Margery M. Sabin, Lorraine C. Wang Professor of English, is the author of the February 19-25 Person of the Week essay, which was written as an obituary. When Ms. Sabin joined the English Department, Mr. Garis was an "impressive and somewhat daunting senior colleague." He became a close friend during the more than thirty years they shared at Wellesley.

 Robert E. Garis, Katharine Lee Bates Professor of English emeritus at Wellesley College and noted critic of dance, literature, music, and film, died January 26, 2001 at his home in Cambridge, Mass., after a long illness. He was 75.

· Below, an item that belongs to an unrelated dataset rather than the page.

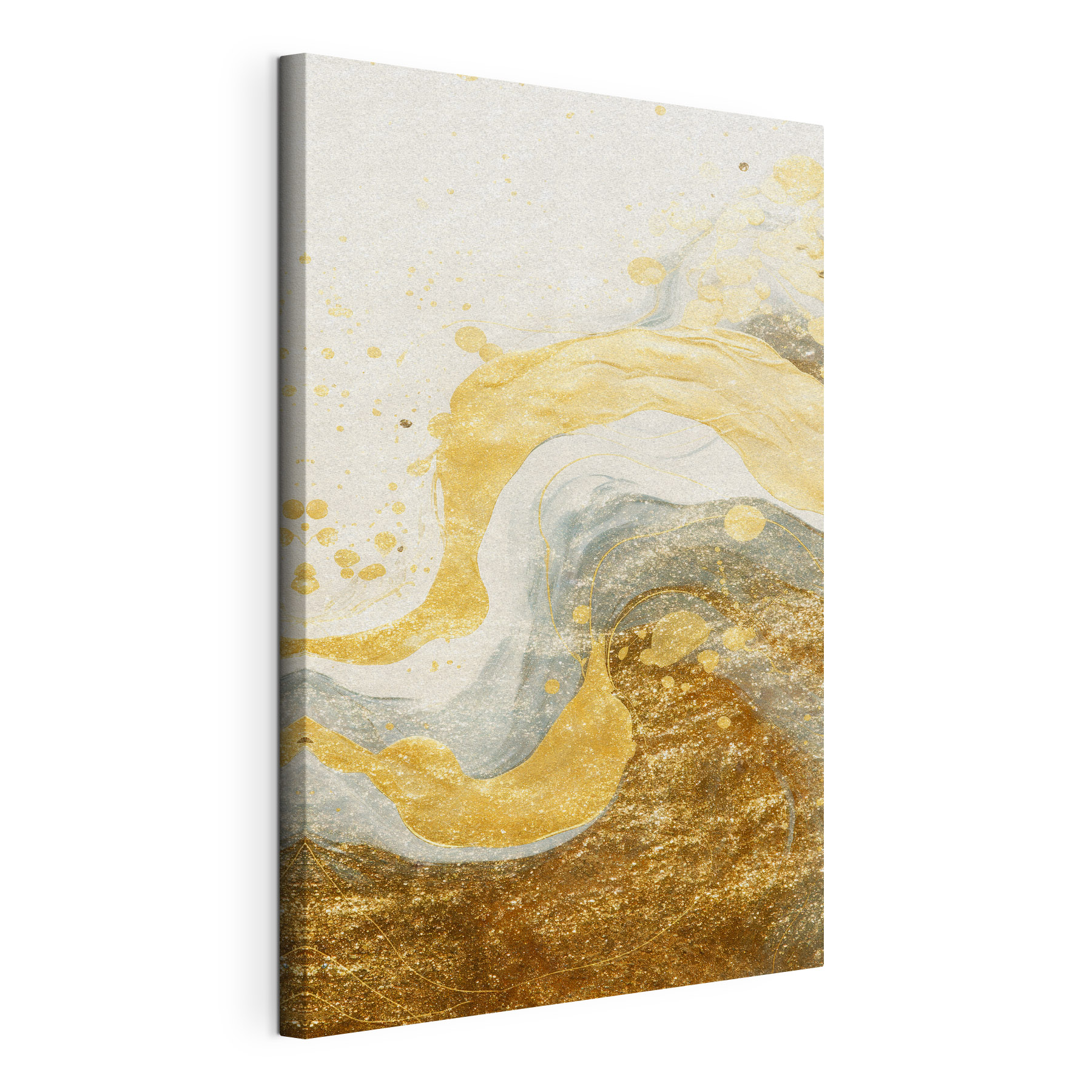 Abstract waves in soft pastel hues Abstract waves in soft pastel hues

Mr. Garis was best known in recent years for his ballet criticism, published in a variety of journals, starting in the 1960s, and culminating in his book, Following Balanchine, (1995), completed with the support of a Guggenheim Fellowship. In this impassioned meditation on George Balanchine's career, which he admired as one of the great creative achievements of 20th century art, Mr. Garis both enacted and explained his commitment to direct and genuine engagement with particular works of art as itself a creative and joyous experience. In writing notable for transposing analytic rigor into an informal and intimate voice, Mr. Garis's criticism draws readers into subtle, complex, and exact observations and judgments of the extraordinarily diverse art and artists he admired in music, literature, film, and ballet: Jane Austen, Dickens, Ibsen as well as Shakespeare, the dancing of Suzanne Farrell and Violette Verdy, together with the choreography of Balanchine; the films of Orson Welles, Preston Sturges, Marcel Ophuls, and Frederick Wiseman.

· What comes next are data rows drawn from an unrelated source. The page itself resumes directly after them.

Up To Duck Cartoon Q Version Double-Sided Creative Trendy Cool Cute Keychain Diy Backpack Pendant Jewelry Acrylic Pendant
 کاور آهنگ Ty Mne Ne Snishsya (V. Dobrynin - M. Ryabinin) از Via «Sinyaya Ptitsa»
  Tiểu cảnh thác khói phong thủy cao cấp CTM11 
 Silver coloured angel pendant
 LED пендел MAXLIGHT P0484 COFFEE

 Mr. Garis was born in Hawley, Pa. in 1925, attended public schools in Allentown, Pa., and received his B.A. from Muhlenberg College in 1945. In 1956, he received his Ph.D. in English literature from Harvard University, after a decade which included a year as a Fulbright Scholar in England, teaching fellowships at Harvard, and five years of writing a monthly column of record-notes for The Nation.

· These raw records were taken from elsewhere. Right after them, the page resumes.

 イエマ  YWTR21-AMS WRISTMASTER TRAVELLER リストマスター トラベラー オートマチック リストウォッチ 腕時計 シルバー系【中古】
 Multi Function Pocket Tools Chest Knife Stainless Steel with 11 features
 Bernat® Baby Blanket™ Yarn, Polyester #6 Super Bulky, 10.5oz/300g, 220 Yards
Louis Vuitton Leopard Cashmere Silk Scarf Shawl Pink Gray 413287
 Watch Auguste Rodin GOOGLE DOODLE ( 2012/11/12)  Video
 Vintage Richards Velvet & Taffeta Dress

Residential fellowships at the Yaddo Institute in Saratoga Springs, N.Y. in the late 1950s and 1960s recognized and supported his emerging reputation as a critic. In the 1960s, Mr. Garis became a reviewer of fiction and literary criticism for The Hudson Review, contributed film criticism to Commentary and ballet criticism to Partisan Review. His first book, The Dickens Theater (1965), was a landmark in Dickens criticism. Never reluctant to defend his strongly felt judgments, Mr. Garis challenged other critics, friends, and students to be true to their direct experiences of art in order to locate particular and diverse kinds of vitality.

Mr. Garis's rigor and passion as a critic contributed to his charisma as a professor. He began teaching at Wellesley in 1951 and, at different times, served as Chair of the English Department and as Dean of the College. He retired from Wellesley in 1994. Several generations of devoted students, along with colleagues and friends, testify to the life-changing influence of his teaching on their eyes, ears, and minds. One former student recalls, "We learned to read by listening to his voice. When he read from Shakespeare or Ulysses, the passage became totally alive and present to us, and even when the material was very complex (as it almost always was), we felt in touch with it through him."

 At the time of his illness, Mr. Garis was at work on a book length account of Orson Welles' career, portions of which were published in Raritan Quarterly.

A memorial gathering for colleagues from the staff and faculty as well as friends and former students is planned for Saturday afternoon, March 31, 2001 at 3:00 in Jewett Auditorium; reception to follow.